**Data provided**.
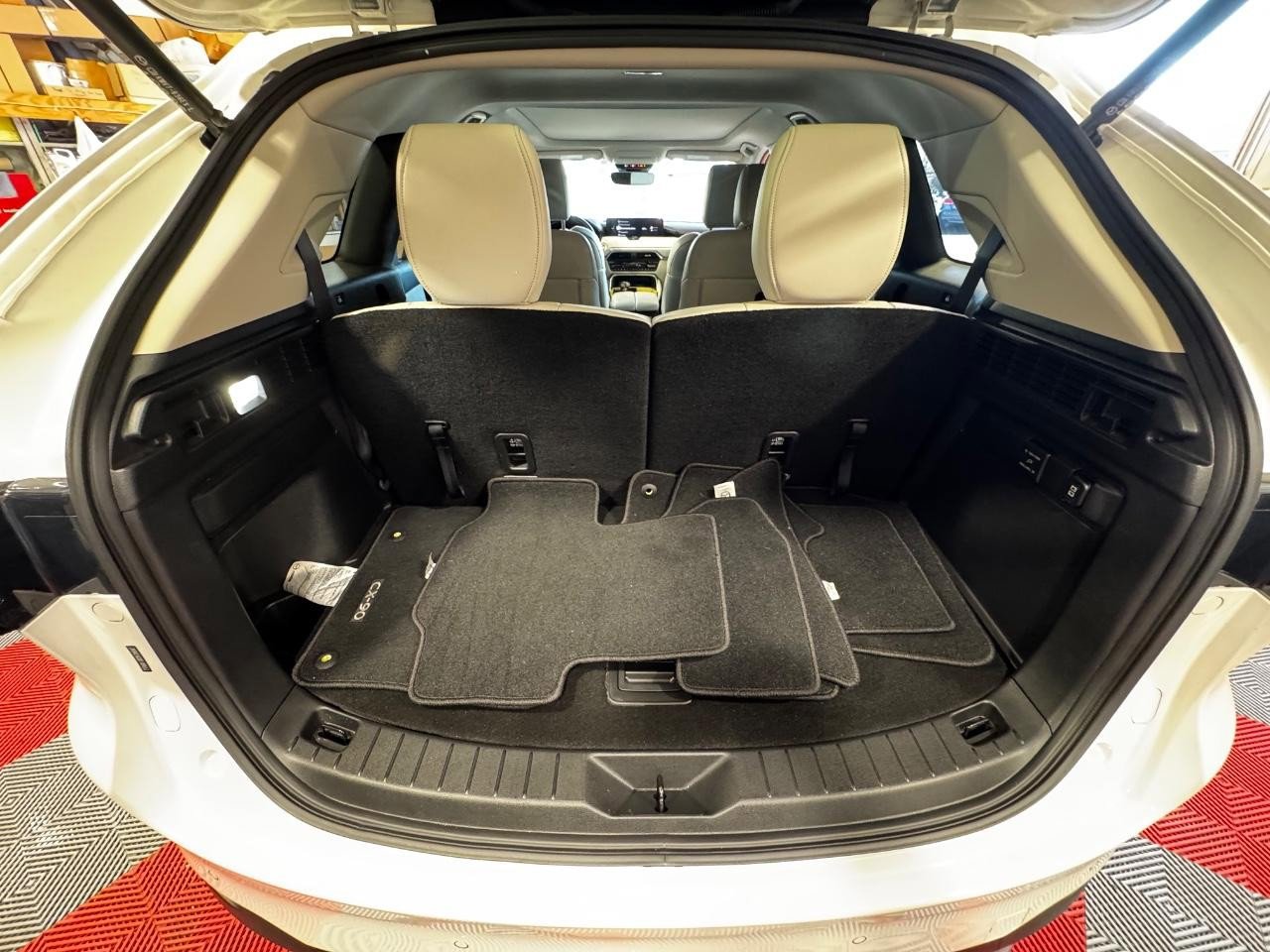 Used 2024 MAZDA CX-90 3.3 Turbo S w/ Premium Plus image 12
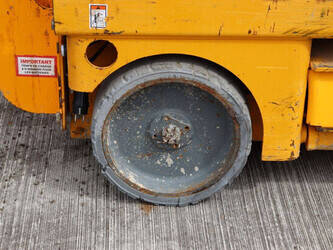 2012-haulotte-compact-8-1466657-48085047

--

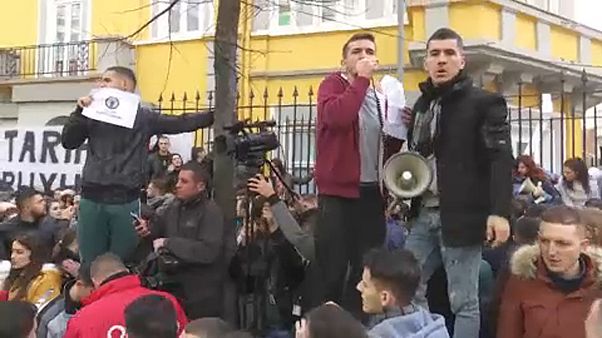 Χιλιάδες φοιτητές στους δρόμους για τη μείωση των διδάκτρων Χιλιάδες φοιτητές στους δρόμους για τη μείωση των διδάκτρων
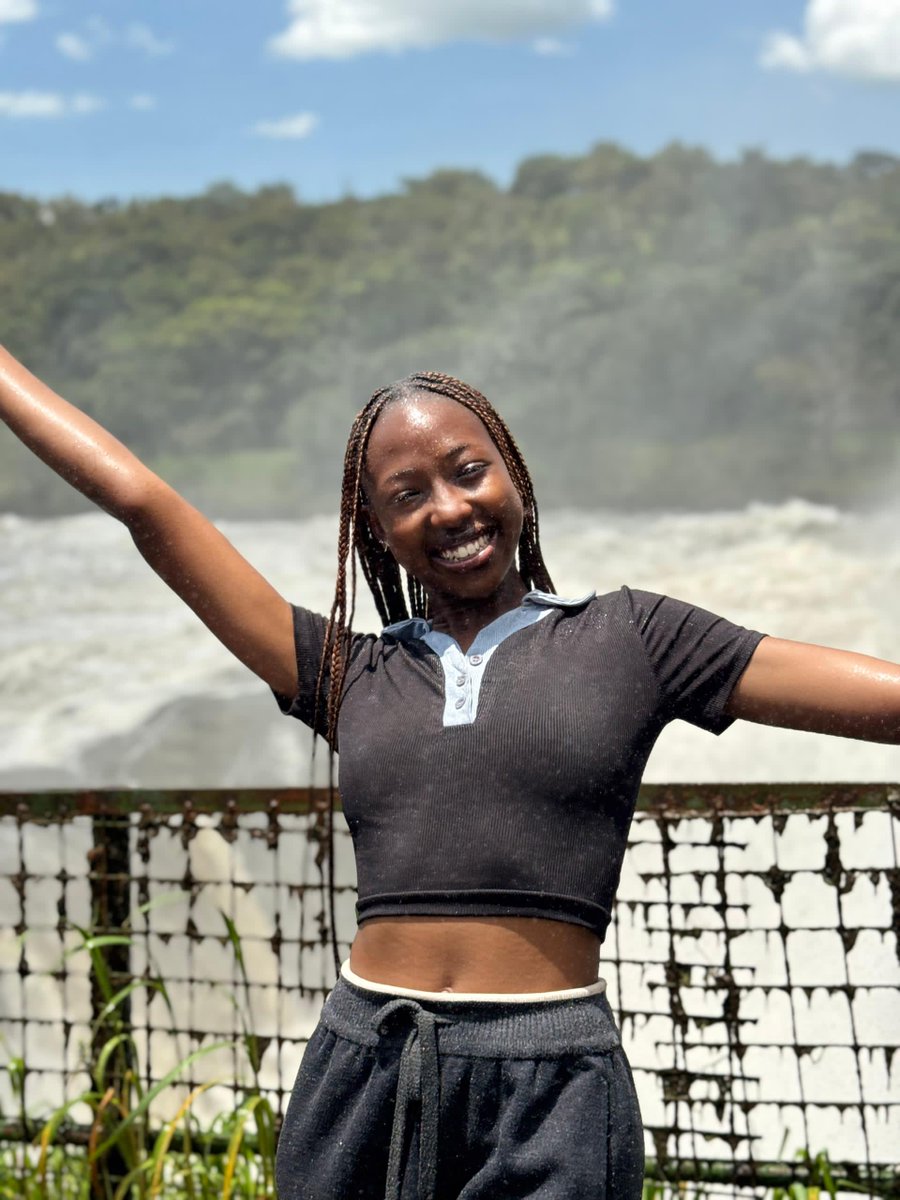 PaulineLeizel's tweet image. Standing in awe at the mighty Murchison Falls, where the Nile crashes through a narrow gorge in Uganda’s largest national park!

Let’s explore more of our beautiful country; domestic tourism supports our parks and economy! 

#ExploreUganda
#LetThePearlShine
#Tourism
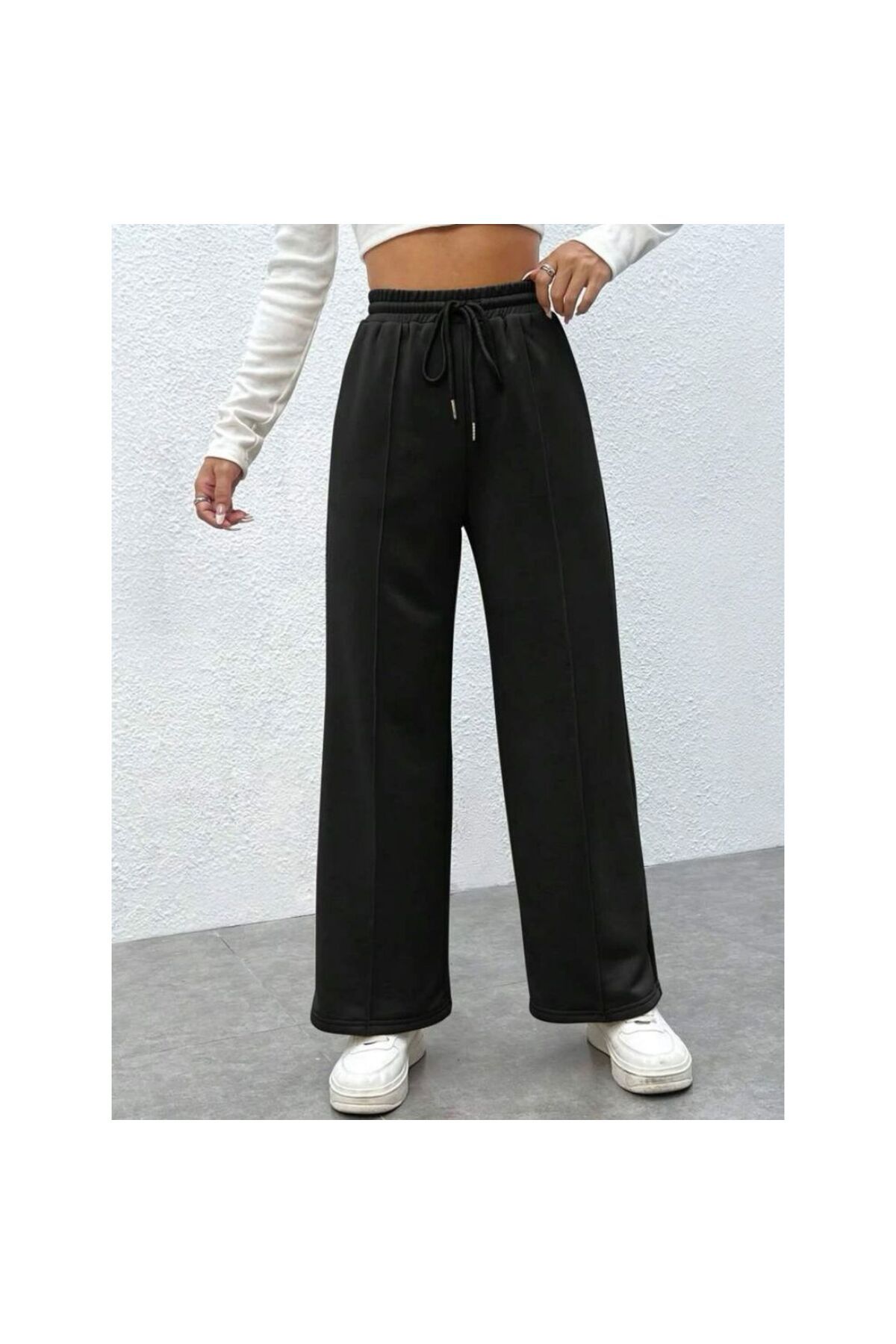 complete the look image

...

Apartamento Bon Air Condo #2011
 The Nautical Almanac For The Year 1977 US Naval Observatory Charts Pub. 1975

**Work task**. Above are some records. Reproduce the lines from the one with "Used 2024 MAZDA" down to the one with "2012-haulotte-compact-8-1466657-48085047", keeping both, and leave every picture out.

**Task output**.
 Used 2024 MAZDA CX-90 3.3 Turbo S w/ Premium Plus image 12
 2012-haulotte-compact-8-1466657-48085047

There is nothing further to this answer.